Complaints Against Colorado Towing Companies On The Rise
DENVER (CBS4) – Consumer complaints against Colorado towing companies are on the rise, and have been so for the last several years, with an outcry over what many consumers call predatory or aggressive towing.
“The Better Business Bureau has more ‘F’-rated towing companies than accredited towing companies, so that’s a big problem,” said BBB spokesperson Megan Herrera. “The towing industry is problematic, and we get complaints quite often.”
According to the Colorado Public Utilities Commission, which regulates tow companies, it received 331 towing complaints in 2007 and 2008. That number nearly doubled to 568 consumer complaints for 2011 and 2012.
Many of those complaints emanate from the Central Colfax Corridor — the area around East Colfax Avenue and Ogden Street where the towing is particularly aggressive and unforgiving.
Two large theaters are in the vicinity, and on concert nights, there’s not nearly enough street parking nearby to accommodate all the concertgoers. Many concertgoers park in a lot outside a Blockbuster video store or a Wendy’s restaurant a block away. A spotter stands watch and if the car owner steps off the property, tow trucks are summoned. It usually only takes them a minute or two to hook up the car or SUV, and haul it away.

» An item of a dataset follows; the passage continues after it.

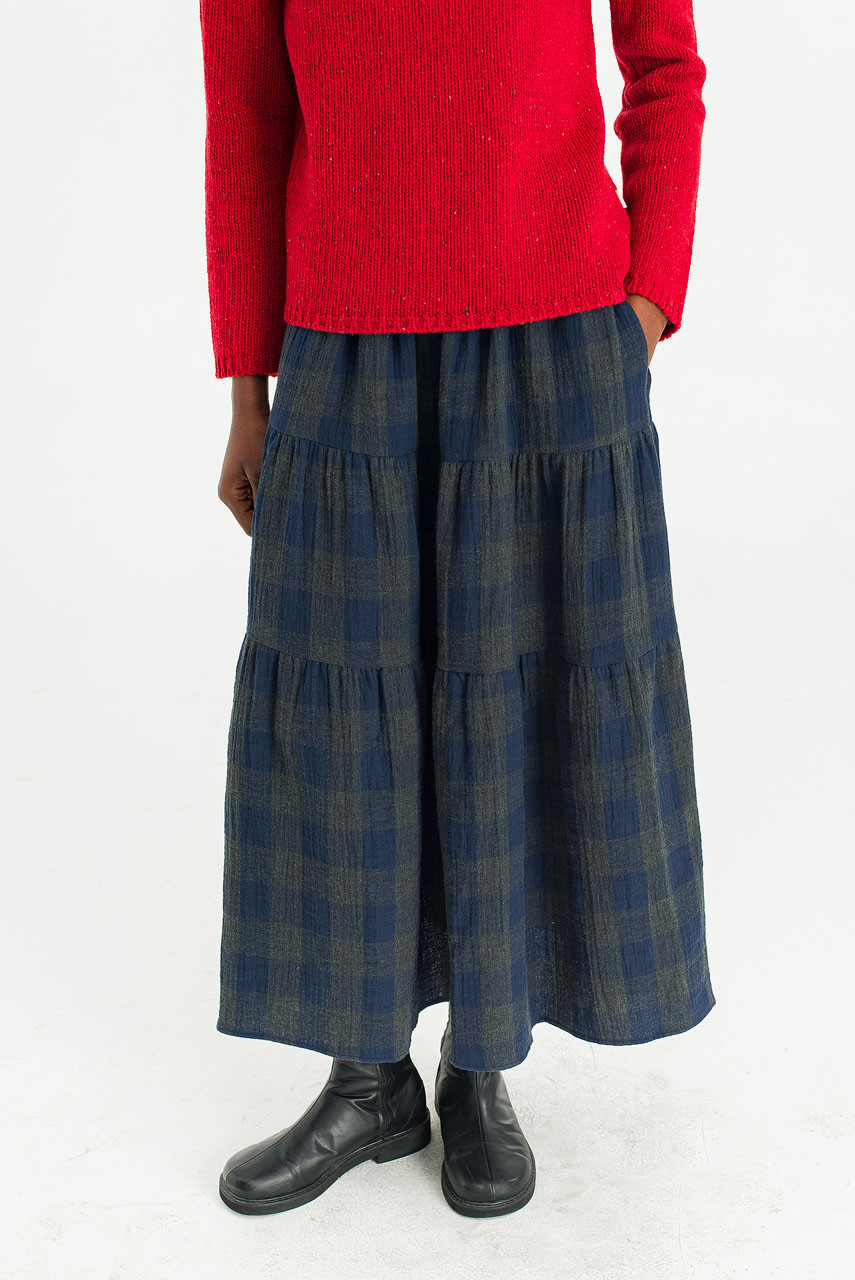 Tasha Double Face Check Skirt, Navy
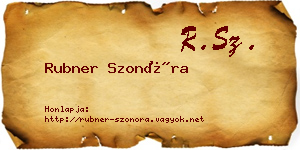 Rubner Szonóra névjegykártya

Vehicle owners end up having to pay about $300, cash, to get their cars or SUVs back. Many say they simply didn’t see posted warning signs in the darkness. On a recent night, Balthazar Estrada parked in the Blockbuster lot then walked across the street to a record store. He wasn’t aware that a “spotter” for Lone Star Towing was lurking in the shadows watching his every move. As soon as he left the property the “spotter” summoned a tow truck to haul away Estrada’s car.
“No, I didn’t see any signs; there’s nothing out here that says no parking,” Estrada said.

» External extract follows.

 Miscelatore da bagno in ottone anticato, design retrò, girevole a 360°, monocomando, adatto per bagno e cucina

There are signs posted around the lot warning that drivers could be towed if they weren’t patronizing the Blockbuster store or the Cricket store next door. But in darkness, the signs are extremely difficult to see and read.
Denver city code calls for towing signs in private lots be “kept illuminated at night,” but that did not appear to be the case in the Blockbuster lot.

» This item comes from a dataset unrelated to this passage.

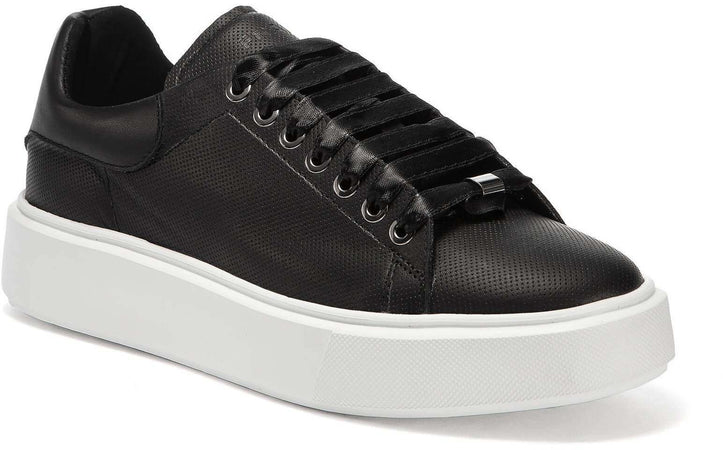 Frau Sneakers Donna pelle micro-traforata Lacci e Sola in Gomma Made In Italy Scarpa Sportiva Leggera Made in italy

Troy Porras, President of Lone Star Towing, which is extremely active in towing in the Central Colfax Corridor, provided a written statement to CBS4 but declined to appear on camera.
“Of course it is possible for a person whose vehicle was towed to have ‘honestly missed the signs,’ but I do not believe it is common,” wrote Porras. “No one is pleased when their car is towed, and few wish to accept responsibility for their action of parking illegally or in contravention of the property owners’ rules … there is a real lack of parking along the Central Colfax Corridor. So, the businesses located there need all of their parking spaces to adequately serve their own patrons — unauthorized/illegally parked vehicles cost them business. The public needs to understand this.”
One block west of the Blockbuster store is another controversial lot that has been the scene of frequent and disputed tows. The Wendy’s restaurant and the surrounding parking lot are owned by Troy Porras’ father, James Porras. His son’s company, Lone Star, frequently tows errant parkers out of the Wendy’s lot — to howling complaints.
“Most people know what they’re doing,” said James Porras. “We don’t like doing it but we don’t have a choice.”
The west side of his property has numerous signs posted about potential towing. But a 100-foot long fence on the north side of the property, which has 14 parking spaces, doesn’t have a single warning sign about towing. That’s where Raul Amaya parked in January, and where his car was towed from.
Amaya insists he was inside the restaurant when the tow took place, which he characterizes as “a burglar style towing.” He notes that where he parked “there were no signs … there are no signs saying you are going to get towed.”
Megan Herrera of the BBB said many of the complaints her agency received are over the perceived lack of signage.
“The most common issue that we have seen in general is that people say they are being towed and they didn’t know that they weren’t supposed to park there, that the signage isn’t clear, or the signage isn’t there. An ethical parking lot owner should have clear signage,” Herrera said.
The Public Utilities Commission is currently considering new statewide rules on towing. A portion of the proposed new regulations would call for more definition and specificity about towing signage, according to PUC spokesperson Terry Bote.